Here are three good bicycle types for fitness
Staying in shape isn’t easy, partly because it’s not fun. I hate going to the gym.
I only really enjoy exercise that doesn’t feel like a chore; something that’s thrilling. I’m talking about hiking, swimming, and of course cycling.
Lots of people resort to treadmills and stationary bike trainers, in order to get some cardio at home. And while those are good, sensible ideas, they’re still lacking in fun.
Outdoor cycling is a fantastic form of exercise. It’s dynamic, it’s fun, and it’s free. But when deciding what kind of bike to use, you need to be selective.
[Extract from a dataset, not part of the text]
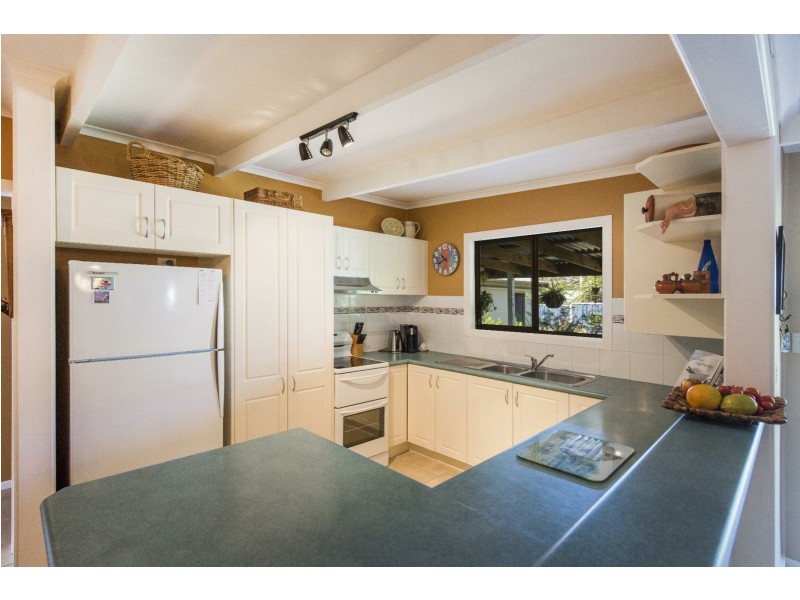 6 Loxton Avenue, Iluka NSW 2466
Find the right type of bicycle for your exercise needs
Everyone is different, and for that reason there isn’t one bicycle that’s perfect for fitness. Much depends on your current health, weight, and desires.
For some, you might be looking for a comfortable, casual ride that’ll encourage you to get out there and have fun.
Best Type of Bicycle for Exercise
For others, a good workout bike will be a light, fast, agile and expensive road beast.
Still, I’ve found that some styles are better suited than others. Here are three of the best bicycle types for getting exercise.
1) The Road Bike: Light and speedy
Road bicycles are ideal for exercise, because they encourage performance. Most are light in weight, and they have thin tires that let you just fly.
The gearing of a road bike is a big factor too: with some sporting upwards of 30 gears, you’ll always have room to push yourself. Adjusting your gearing can make even a simple ride on flat roads an exhilarating experience.
Our ride recommendation:
If you’re after a great road bike for exercise but you’re also on a budget, the Raleigh Willard All-Road is a ridiculously affordable entry point.
It doesn’t carry the fancy components that more expensive models do, but I encourage you to consider it as a good stepping-off point. It’s a superb way to test the waters.
The frame is 6061 aluminum alloy, with a carbon fork, and it sports a Shimano Sora drivetrain with 18 speeds, including integrated brake shifters on the aero bars.
If your budget is bigger and you’re looking for high-end performance, we wrote an article on some great road bikes in the $1000 range.
2) The Mountain Bike: Tackle hills and trails
Mountain bikes are fantastic for exercise, fitness and fun. That’s because they allow you to go off-road and really work up a sweat.
While road bikes tend to be more of a pure cardiovascular workout, mountain riding tends to activate more of your muscle groups, since you’ll be dealing with inclines, declines, and occasionally lifting your bicycle over a fallen tree or two.
With mountain riding, durability and versatility are key, so look for a great frame with considerable suspension components to smooth out the bumps.
Our ride recommendation:
I like to recommend 29er bikes for anyone interested in mountain riding. I find the larger 29-inch rims let you roll over bumps and rocks and tree roots much easier than models with smaller wheels.
Motobecane’s Fantom is a wonderful mountain bike for fitness and exercise. With hydraulic disc brakes and a huge Rockshox lockout front suspension fork, it’s built to perform. Expect a fun, rugged, and precise ride, and Motobecane is a great brand.
(The Fantom is great for trails, but if you’re looking to cross snow, sand and mud, you might like fat bikes more.)
3) The Recumbent: A pedal-powered go-kart
Recumbent bikes are an incredible thrill. You’re low to the ground in a comfortable riding position, speeding across the tarmac like a character from Mario Kart.
I often recommend recumbents as ideal bicycles for exercise purposes because they are way easier on your joints. That means you’re less likely to deal with aches and pains, so you’ll have fewer excuses not to get out there and feel the burn.
The fact that Recumbent bikes are the funnest things on two (or three) wheels is just a bonus.
Our ride recommendation:
Recumbent bikes are a bit more of a specialty item, so I recommend you check out your local bike shop and try one out. It’s quite a transition from standard cycling to recumbent.
To make the learning curve easier, I’d start with a 3-wheeled recumbent just to get your feet wet. That said, if you’re ready to dive in, this Performer recumbent bike is a two-wheeled variety with plenty to like.
Dual mechanical Avid disc brakes stop you really well, and you’ll have a total of 22 speeds to enjoy. This is a performance-oriented recumbent; you can hit some high speeds with the larger 56t sprocket.
The best bike style for exercise is whatever keeps your momentum
Yes, the three bicycles listed above are good choices for getting a proper cardio workout and keeping in shape, but you should ride whatever you’re most comfortable on.
Any cycling exercise is good, even if you can only handle a brief pedal around the neighborhood. Comfort bikes are great, inexpensive bikes are great. If it has pedals, handlebars and two wheels, it’s great.
My biggest recommendation is to make cycling part of your weekly rhythms. Make it a habit, stick with it, and enjoy the ride. And if you’re exercising in hot weather, be prepared for it.